Ich habe Respekt vor der Leistung der Hauptschule, der Hauptschullehrer und der Hauptschüler. Eine Frage müssen Sie mir aber beantworten: Im Landkreis Starnberg treten 60 % der Kinder aufs Gymnasium über. In einem ländlichen Landkreis irgendwo in Oberfranken

(Zurufe von der SPD und von den GRÜNEN: Oder in der Oberpfalz und in Niederbayern!)

sind es vielleicht 16 oder 18 %.

(Johanna Werner-Muggendorfer (SPD): 17 %!)

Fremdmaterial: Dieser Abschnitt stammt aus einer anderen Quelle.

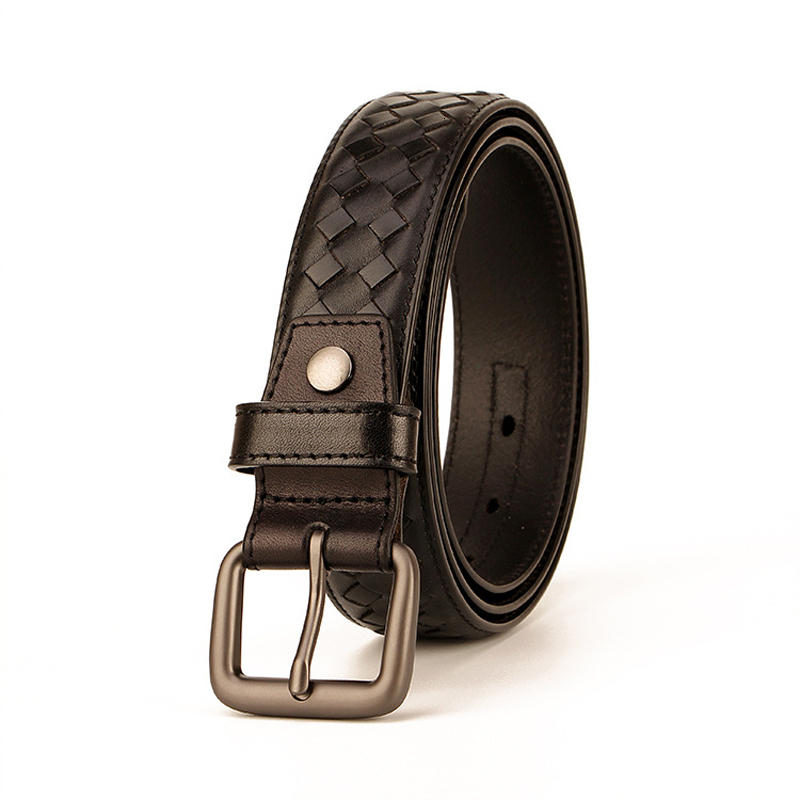 

2021 New Braided Leather Men Fashion Belts Vintage Girdle Waistband Male Pin Buckle Weaving Grain Belt X4bo, Black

Was ist der Grund dafür? Sind die Kinder in Oberfranken viermal dümmer als die Kinder in Starnberg? Ist das der Grund? – Nein, das kann nicht der Grund sein. Der Grund ist folgender: Die Wohlhabenden im Land organisieren für ihre Kinder gute Schulabschlüsse und Abitur und sagen den anderen im Land, die weniger wohlhabend sind, die Hauptschule sei doch auch nicht schlecht. Das ist zynisch, meine Damen und Herren, so kann man es nicht machen.

(Beifall bei der SPD)

Sie müssen endlich allen Kindern in Bayern, unabhängig von der sozialen Stellung der Eltern und unabhängig von deren Geldbeutel, gleiche und gerechte Bildungschancen gewähren, vor allem auch den Kindern im ländlichen Raum. Das tun Sie genau nicht.

(Beifall bei der SPD)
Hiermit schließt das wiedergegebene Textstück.